Частичный ответ на это содержится в собственных словах Вейцмана, которые он неутомимо повторяет в письмах: "Неприятность в том, что сейчас голос есть только у ружей". Именно здесь мысль Жаботинского рывком опередила формулировку Вейцмана и соотнесла роль и судьбу еврейского народа с войной: недостаточно будет прийти на мирную конференцию просителем, с моральными аргументами и доводами о еврейской культурной исключительности. Для рассмотрения еврейских исторических притязаний необходимо физическое участие еврейских "ружей", военное подразделение, составленное из бойцов-евреев, и, более того, сражающееся с особой и объявленной целью обеспечения национального будущего на еврейской родине.
"В какой точно момент зародилась у меня мысль о еврейском боевом контингенте — там ли, в Бордо, перед афишей, или позже, — я теперь не помню. Думаю, однако, что вообще никакого такого момента не было. Где тот человек, какой угодно веры, который может по совести ткнуть пальцем в определенную дату и сказать: тут уверовал? Каждый рождается уже с микробом своей секты где-то в мозгу, хотя бы этот микроб и не обнаружился до старости, или никогда. Полагаю, что мне вообще всегда было ясно, так сказать, отроду ясно: если приключится когда-нибудь война между Англией и Турцией, хорошо было бы евреям оставить свой корпус и принять участие в завоевании Палестины, — хотя до того дня в Бордо я об этом отчетливо никогда не думал. Дело в том, что эта мысль — очень нормальная мысль, которая пришла бы в голову при таких обстоятельствах любому нормальному человеку; а я притязаю на чин вполне нормального человека. У нас в еврейском быту чин этот иногда переводится на разговорный язык при помощи речения "гойишер коп"; если это верно — тем хуже для нас"[199].

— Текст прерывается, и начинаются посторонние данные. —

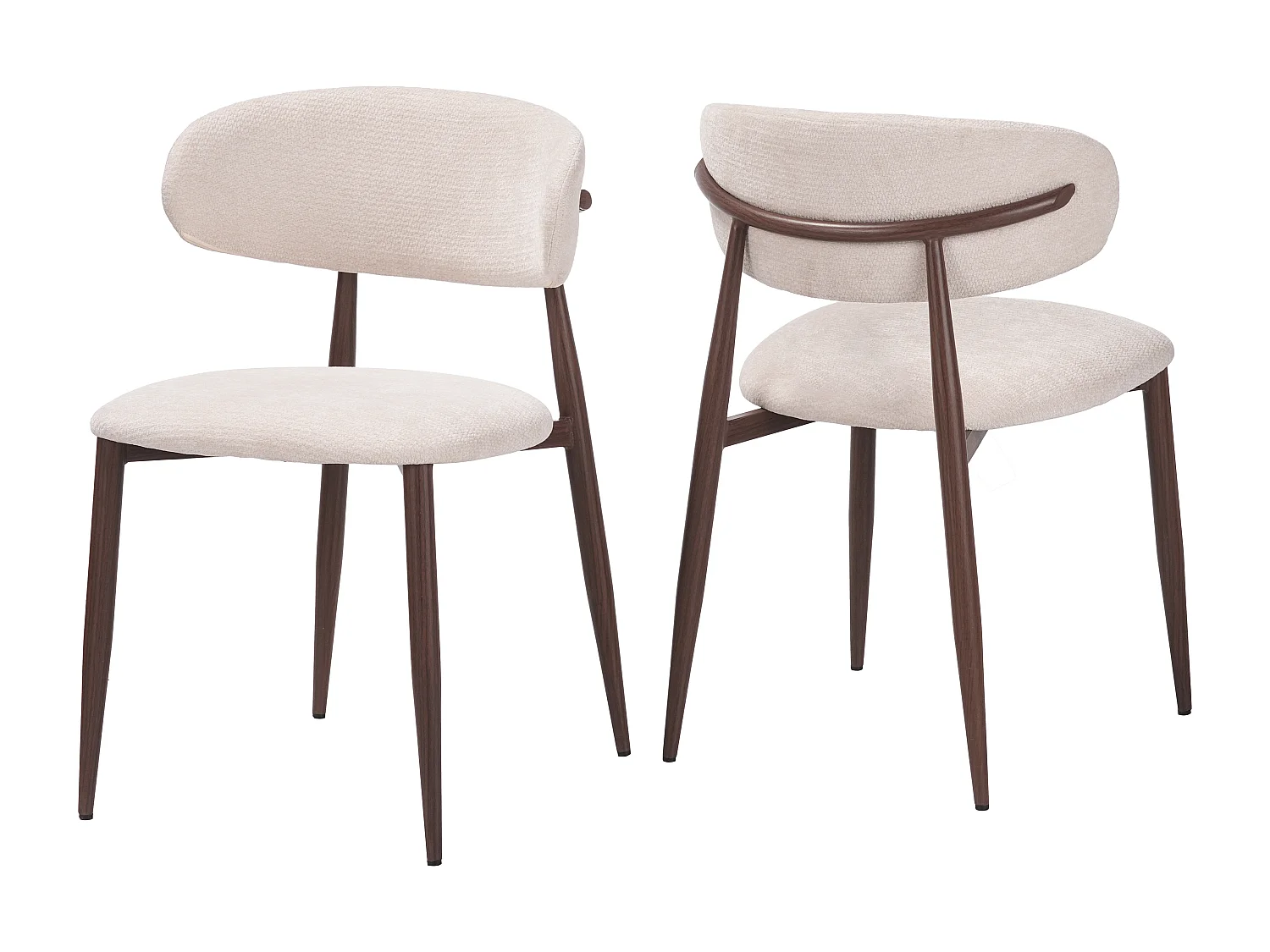 Lot de 6 chaises salle à manger - Tissu beige - Pieds effet bois noyer foncé - LEA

Ему предстояло убедиться, что среди предводителей еврейского народа поистине немногие были благословлены "гойскими мозгами".

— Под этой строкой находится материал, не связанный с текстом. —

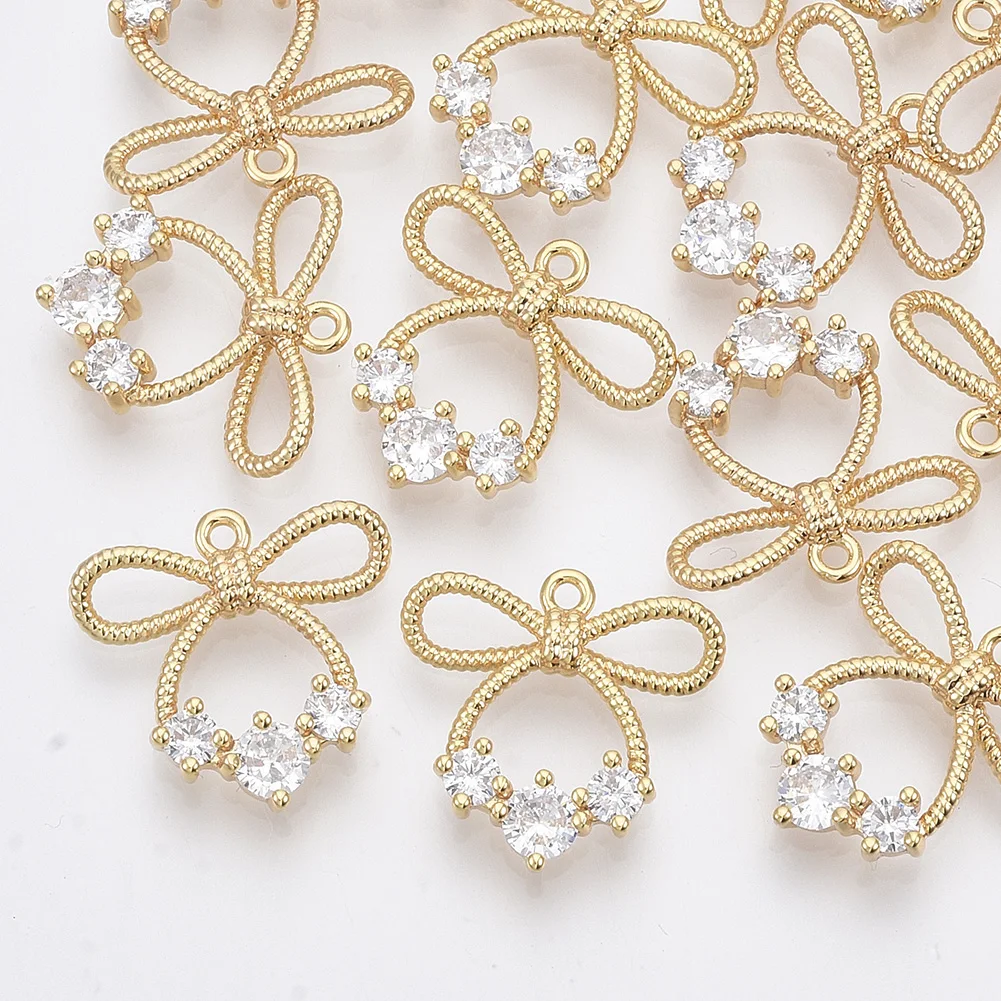 20Pcs Brass Cubic Zirconia Pendants Nickel Free Bowknot Charms For ewelry Making DIY Accessory Crafting 16.5x17x3.5mm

Формальное заявление союзников о войне с Турцией вышло только 5 ноября 1914 года. Жаботинский тотчас же телеграфировал своему редактору с предложением поехать в мусульманские страны Северной Африки для изучения их отношения к объявленной турецким султаном "священной войне". Редактор прислал телеграмму: "Отправляйся". В Марокко, Алжире и Тунисе он расследовал, есть ли опасность мусульманского восстания. Самым надежным источником информации были местные сефардские евреи-бизнесмены, юристы, журналисты.
Все они дали один и тот же ответ: на призыв султана отклика не последует. Ни при одном из поражений Турции за предшествующее столетие, при потере, одного за другим, владений в Европе, ни один мусульманский народ пальцем не пошевелил ей в помощь. Это немцы, утверждали они, уговорили турок попытаться еще раз.

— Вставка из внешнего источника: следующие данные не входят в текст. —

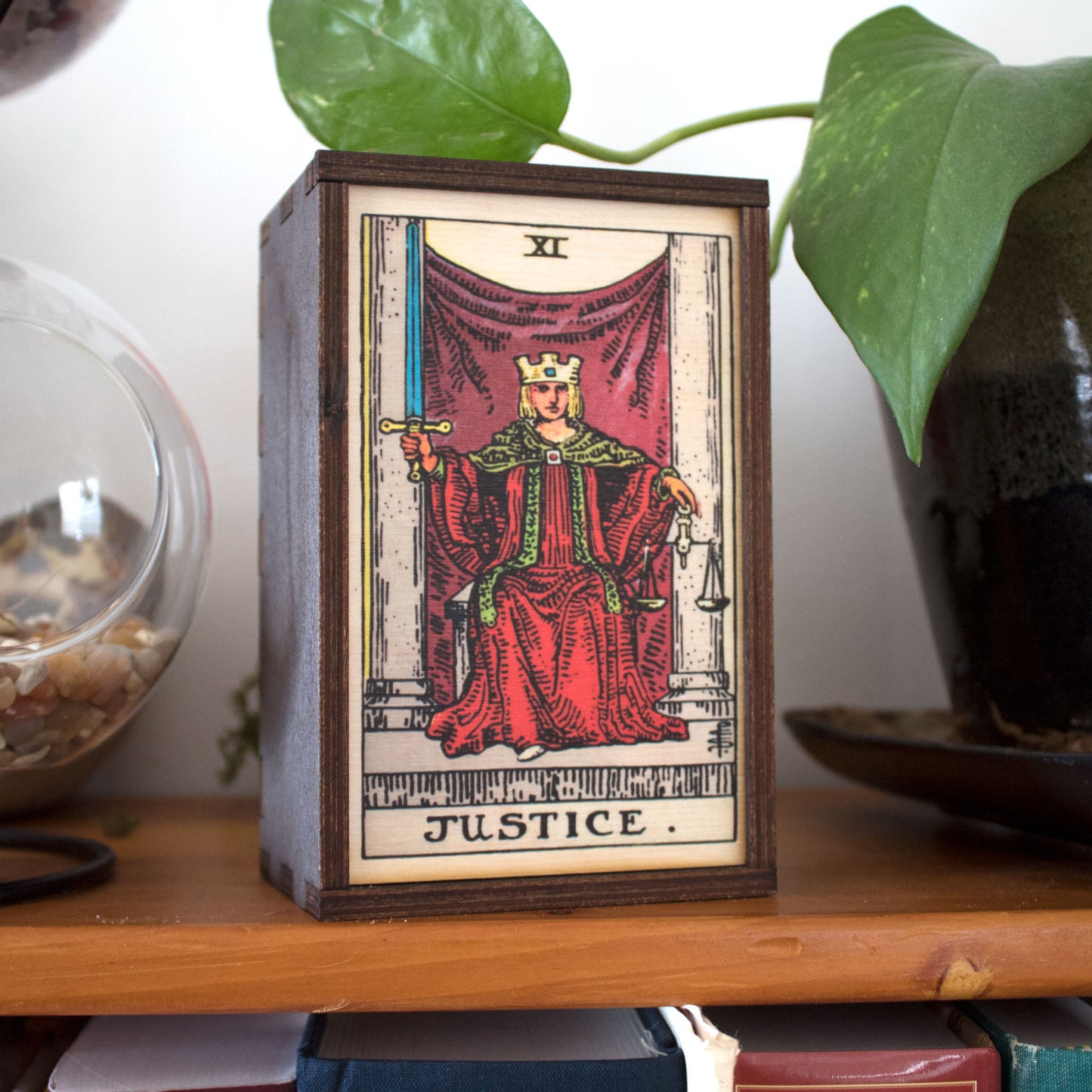 Justice Tarot Card Card Wooden Stash Box Tarot Card Box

Результат будет тем же: никаким.
Репортажи Жаботинского в "Русских ведомостях" читались по всей России. "Каждый из них, — вспоминает Шехтман, — был литературным и публицистическим событием"[200].
"Его статьи, несомненно, рассеяли подозрения и страхи, гнездившиеся на довольно непросвещенном Западе, перед массированной мусульманской атакой на войска союзников"[201].
Перед отъездом из Европы в Африку Жаботинский начал воплощать в жизнь идею еврейского боевого подразделения. Уже 5 ноября в Мадриде он описал свой замысел Максу Нордау, которого, из-за его австро-венгерского подданства, выслали из Франции. Нордау, один из видных европейских философов конца девятнадцатого века, присоединился к Теодору Герцлю с самого начала, с момента появления Герцля. Он был правой рукой Герцля, а после его смерти считался вождем "политического" герцлевского крыла Сионистской организации. Это он, отказавшись от руководства движением, выдвинул на эту роль Вольфсона.